En effet, ce qui remplace progressivement nos salles de nouvelles régionales ou nationales, nos séries télévisées d’ici, nos journaux régionaux, ce sont les communications numériques, qui sont une sorte d’information et de culture à la carte, dominées par les grands cartels de l’internet (Google, Facebook, X-Twitter, YouTube, Spotify, Netflix, Crave, Tou.tv, etc.), la plupart évidemment de langue et de culture anglophones, et accessibles sur le cellulaire individuel.
Chacun regarde, écoute et lit ce qu’il veut, quand il veut, où il veut, en anglais de préférence. Les auditoires sont fragmentés à l’infini, les identités et les appartenances également. Tout le monde s’improvise journaliste, éditeur, chroniqueur, influenceur, spécialiste. La primauté n’est plus aux faits, à la vérité, à la collectivité, mais à l’opinion, au goût personnel et à l’individu.

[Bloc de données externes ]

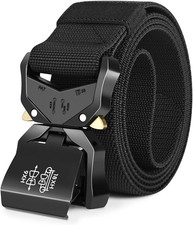 Cintura Tattica Da Uomo 1,5"
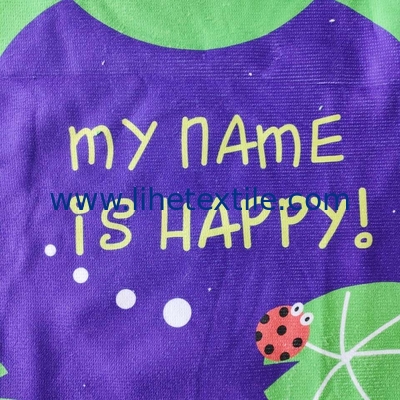 Popular Towel Beach Poncho Towel Beach Custom Hooded Microfiber Towel Beach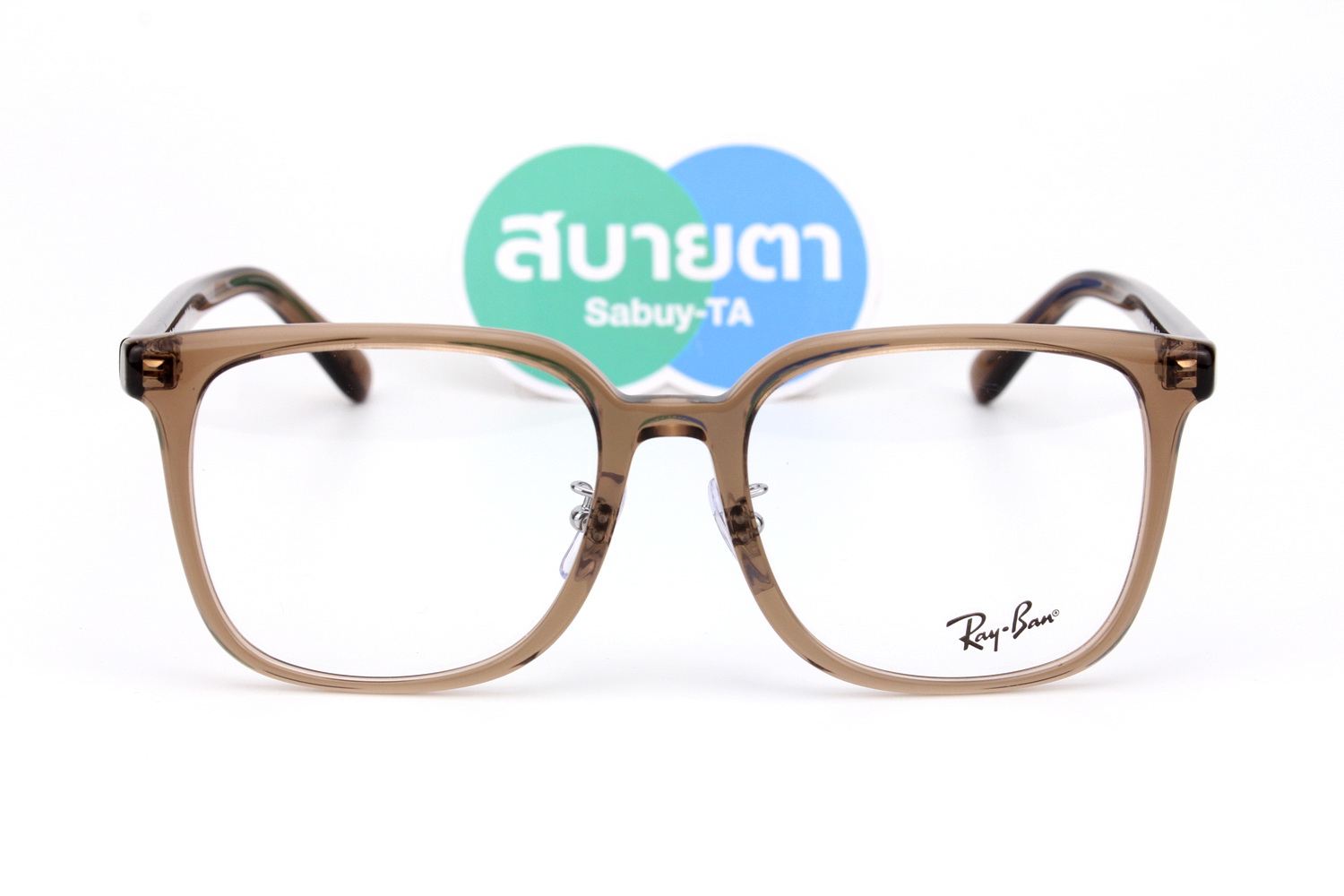 RayBan RX5419D 8269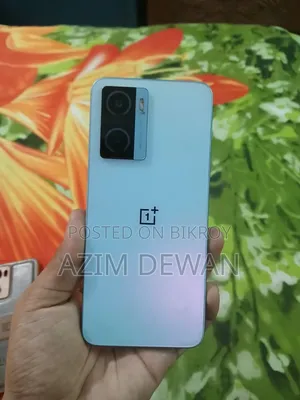 OnePlus Nord N20 SE 64 GB Blue
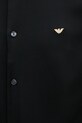 Рубашка Emporio Armani EM001537.AF13285 чёрный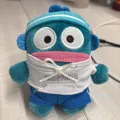 member face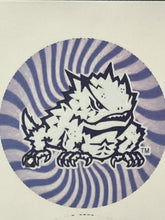 Load image into Gallery viewer, TCU Spirit Button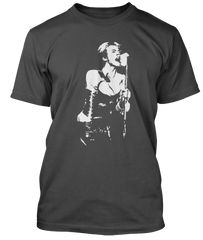 Johnny Rotten inspired Sex Pistols T-Shirt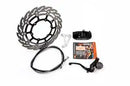 Fantic XE 125 [2021-2023] - Supermoto Racing Bremskit 300mm – Bild 8
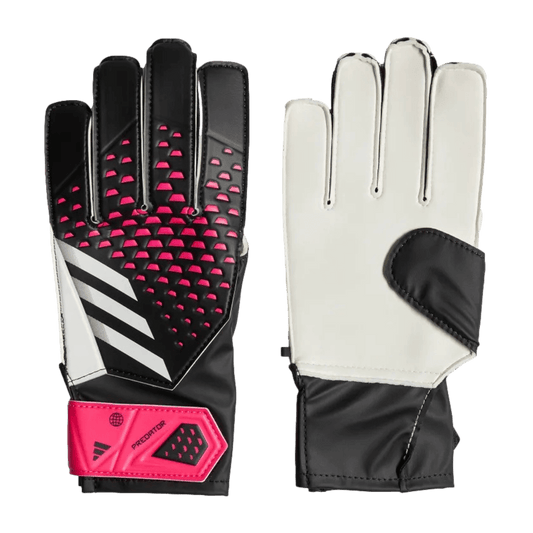 Adidas Predator GL Training Youth Goalkeeper Gloves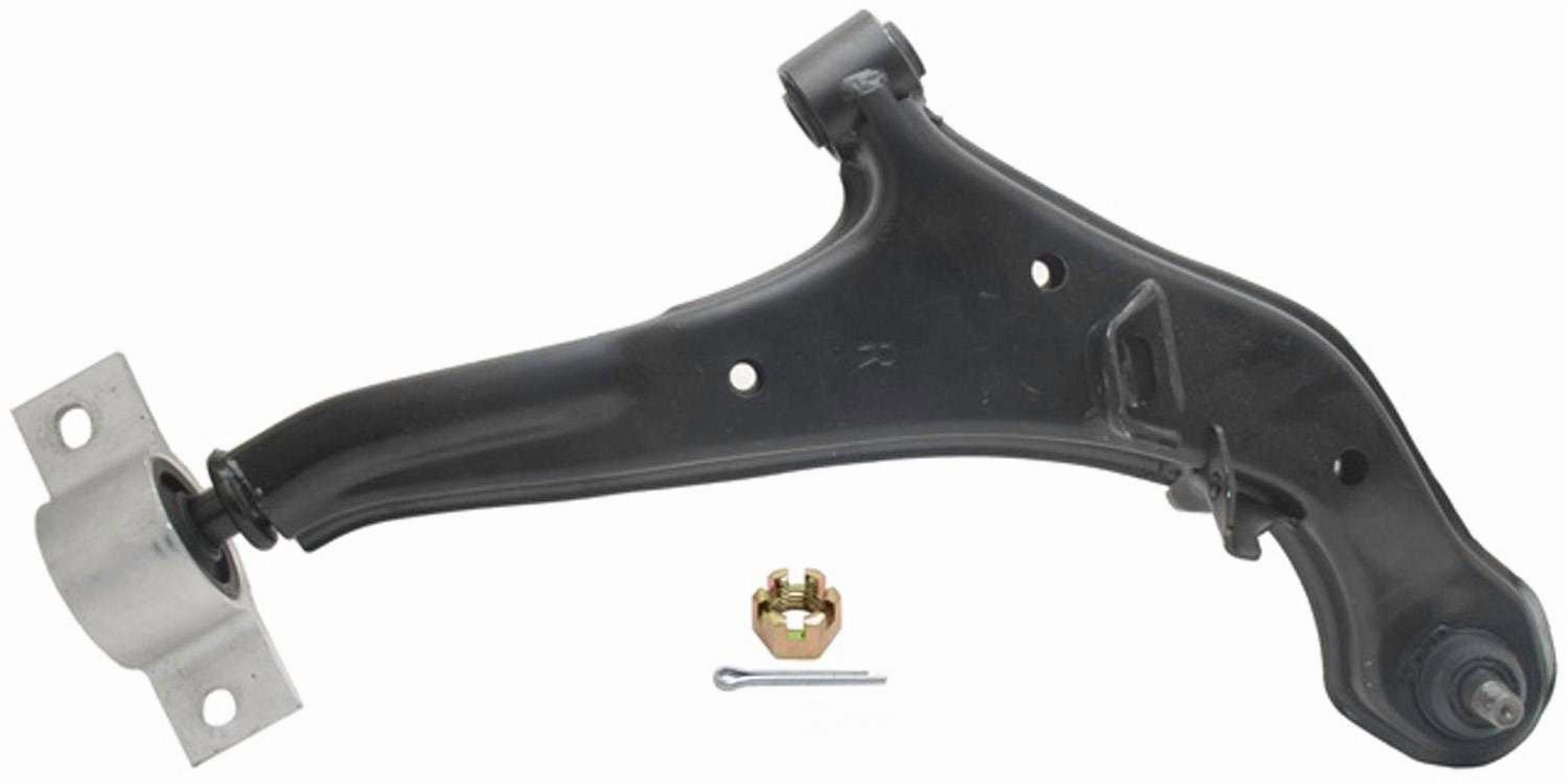 ACDelco 45D3215 Suspension Control Arm and Ball Joint Assembly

Dans ce contexte, l’identité, la communauté et la culture locales et régionales ne peuvent que s’effacer progressivement. D’autant plus qu’en région, les 65 ans et plus, qui font 25 % et plus de la population, ne fréquentent pas tous internet, les balados et les applications.
L’effacement des régions aura un effet direct sur l’asphyxie du Québec français lui-même, car ce sont les régions qui font depuis toujours contrepoids à l’anglicisation historique de Montréal. Les régions, depuis toujours, sont les gardiennes de la tradition et du territoire du Québec.
Comme peuple, nous avons beaucoup de choses que les autres sociétés d’Amérique n’ont pas, dont une occupation du territoire unique, qui a produit une société, une culture et une langue caractérisées par la diversité territoriale.
Au cours de la Révolution tranquille, nous avons mis en place les bases d’une gouvernance et d’une démocratie régionales dynamiques. Dans un élan de créativité peu commun, nous avons développé une culture, des médias et un univers d’artistes, d’écrivains, de comédiens, de musiciens, de journalistes propres à nous, qui nous ressemblent et nous expriment. Tout ça est en train d’être emporté par la vague de médias numériques anglophones.
À la fin, c’est la démocratie qui écope. La démocratie repose sur la souveraineté du peuple, la communauté des citoyens, et la recherche collective du bien commun. Mais il y a de moins en moins de « citoyens » : que des individus défendant âprement leur individualité et leur différence. C’est désormais l’intérêt individuel qui est la norme : « J’ai des droits, j’ai le droit, la démocratie c’est moi, ma liberté, ma différence, mon opinion. » Dans ce contexte, l’État n’est plus le représentant du peuple, mais un simple distributeur de services à une masse de clients.
Le nouvel État, en réalité, c’est « Big Brother », une poignée de milliardaires américains qui nous épient pour mieux nous vendre leur camelote.
Que faire? Sinon savoir rester nous-mêmes, espérer que nos politiciens agissent, souhaiter que « notre Placoteux demeure », ou rêver que TVA fusionne avec Télé-Québec pour devenir une chaîne de télévision publique entièrement québécoise, n’en déplaise au CRTC (Conseil de la radiodiffusion et des télécommunications canadiennes), qui nous regarde mourir sans rien faire.